Asunción se había separado de él y de pronto, ante las miradas y los silencios de la concurrencia, él la buscó con los ojos y la vio en un rincón de la sala, apartada de todos, muy cerca de un forastero envuelto en sombra al que hablaba con ostensible dulzura.

Él se sintió desgraciado y solo, quiso decirles algo, hacer patente su presencia, su autoridad de dueño y señor, pero Asunción le miró como desconociéndole, con una sonrisa en los labios que no era para él sino para el hombre en la sombra.

Despertó. Ella respiraba lentamente, todo estaba tranquilo, cantaban fuera los grillos y los sapos. Pero la imagen había sido tan vivida que el despertar no consiguió borrar completamente el arañazo de los celos soñados.

Hasta el amanecer revolvía en su pensamiento la desazón del sueño: las ausencias de Asunción cobraban de pronto un misterioso significado.

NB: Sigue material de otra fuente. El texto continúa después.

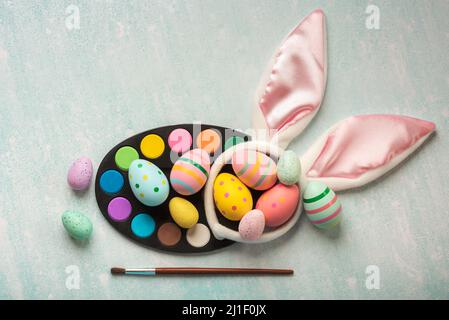 Happy Easter. Colored easter painted eggs with watercolors, brush and rabbit ears on a blue table Stock Photo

Al día siguiente, fue cauteloso tras ella.

El insomnio y la inquietud enturbiaban sus sentidos, y así escuchaba en la suave estridencia de las chicharras un eco de cuchillos que entrechocaran, de cerrojos montándose, y el relumbre del río escurriéndose vega abajo le recordaba el brillo de los machetes.

Espió su entrada en la casa. Luego, atravesó el corral y se aproximó.

Oyó primero palabras de salutación; luego, un rumor de alientos amorosos, de un amoroso abrazo.

Pero cuando conoció la verdad no hubo ira sino una estupefacción súbita, dolorosa como un navajazo, que zumbó en sus oídos, le humedeció los ojos, le empujó contra la pared como la embestida de un animal grande.

Alzó los brazos en busca de apoyo, pero arrastró en su caída un estante cargado de cachivaches que se derrumbó con estrépito.